National Archives CONFIRMS Trump took classified documents from the White House


BREAKING NEWS National Archives CONFIRMS Trump took classified documents from the White House to Mar-a-Lago when he left office and is now in talks with Biden’s DOJ over an investigation


Donald Trump gestures during a rally outside the White House on January 6, 2021

The National Archives confirmed on Friday that Donald Trump took classified documents from the White House to Mar-a-Lago when he left office 

The National Archives confirmed on Friday that Donald Trump took classified documents from the White House to Mar-a-Lago when he left office.

The agency has informed Congress and is now in talks with the Justice Department about an investigation after the sensitive material was found in 15 boxes seized from his Florida home.

‘Because NARA identified classified information in the boxes, NARA staff has been in communication with the Department of Justice,’ said the letter, written by David S. Ferriero, the national archivist, to Democratic Rep. Carolyn Maloney.

It is the latest in a series of revelations in the past two weeks about Trump’s handling of files when he left office, including claims he stuffed documents down the White House toilet and got the Pentagon to incinerate papers.

On Thursday, President Biden rejected another executive privilege claim by Trump to withhold the White House visitor logs from the House select committee investigating the January 6 Capitol riot.

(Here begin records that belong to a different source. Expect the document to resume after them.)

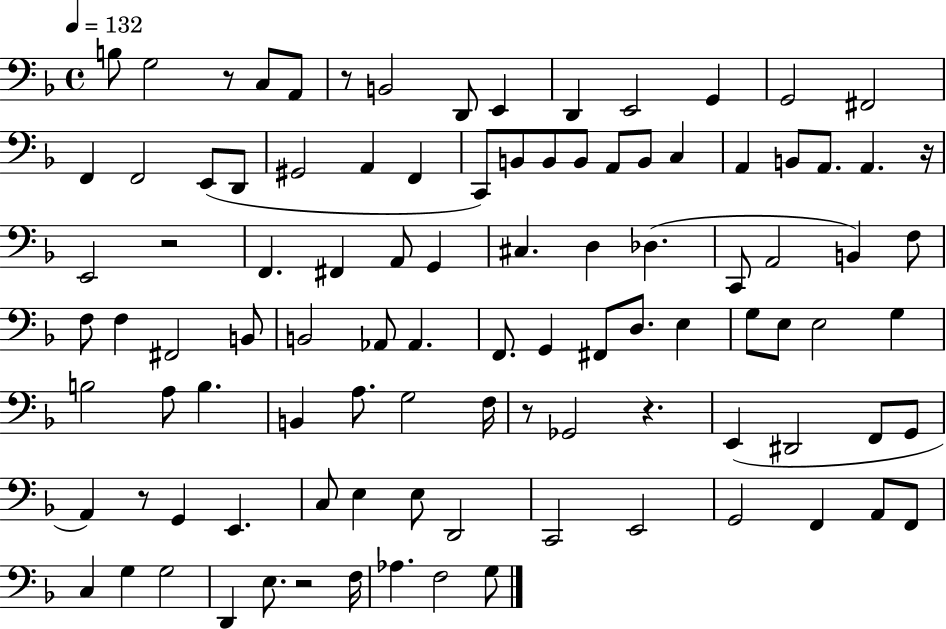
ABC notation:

X:1
T:Untitled
M:4/4
L:1/4
K:F
B,/2 G,2 z/2 C,/2 A,,/2 z/2 B,,2 D,,/2 E,, D,, E,,2 G,, G,,2 ^F,,2 F,, F,,2 E,,/2 D,,/2 ^G,,2 A,, F,, C,,/2 B,,/2 B,,/2 B,,/2 A,,/2 B,,/2 C, A,, B,,/2 A,,/2 A,, z/4 E,,2 z2 F,, ^F,, A,,/2 G,, ^C, D, _D, C,,/2 A,,2 B,, F,/2 F,/2 F, ^F,,2 B,,/2 B,,2 _A,,/2 _A,, F,,/2 G,, ^F,,/2 D,/2 E, G,/2 E,/2 E,2 G, B,2 A,/2 B, B,, A,/2 G,2 F,/4 z/2 _G,,2 z E,, ^D,,2 F,,/2 G,,/2 A,, z/2 G,, E,, C,/2 E, E,/2 D,,2 C,,2 E,,2 G,,2 F,, A,,/2 F,,/2 C, G, G,2 D,, E,/2 z2 F,/4 _A, F,2 G,/2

In a letter sent to the National Archives on Tuesday, Biden’s White House Counsel Dana Remus told the archivist of the U.S. David Ferriero the agency should provide the material to the panel within 15 days. 

Former President Trump is attempting to invoke executive privilege to keep the panel from obtaining the logs, just as he did with other White House documents that were turned over to the committee earlier this month.

Ferriero wrote a letter to Trump Wednesday informing him that he would be cooperating with the White House’s request that the logs be released to the panel within 15 days.

People wait for a moving van after boxes of papers and materials were moved out of the Eisenhower Executive Office building inside the White House complex on January 14, 2021

People wait for a moving van after boxes of papers and materials were moved out of the Eisenhower Executive Office building inside the White House complex on January 14, 2021

‘After consultation with the Counsel to the President and the Assistant Attorney General for the Office of Legal Counsel, and as instructed by President Biden, I have determined to disclose to the House Select Committee to Investigate the January 6th Attack on the United States Capitol (‘Select Committee’) the Presidential records from our January 14, 2022, Notification that you identified as privileged in your letter of January 31, 2022,’ he wrote.

He added: ‘[T]o ensure that personal privacy information is not inadvertently disclosed, the Select Committee has agreed to accept production of these records with birthdates and social security numbers removed.’

Trump could try to block or slow the release of the logs like he did with other White House documents and materials.

Remus requested the logs be turned over in 15 days ‘in light of the urgency’ of the committee’s probe and insisted ‘Congress has a compelling need’ for the National Archives to disclose the documents.

‘Constitutional protections of executive privilege should not be used to shield, from Congress or the public, information that reflects a clear and apparent effort to subvert the Constitution itself,’ Remus wrote to the Archives.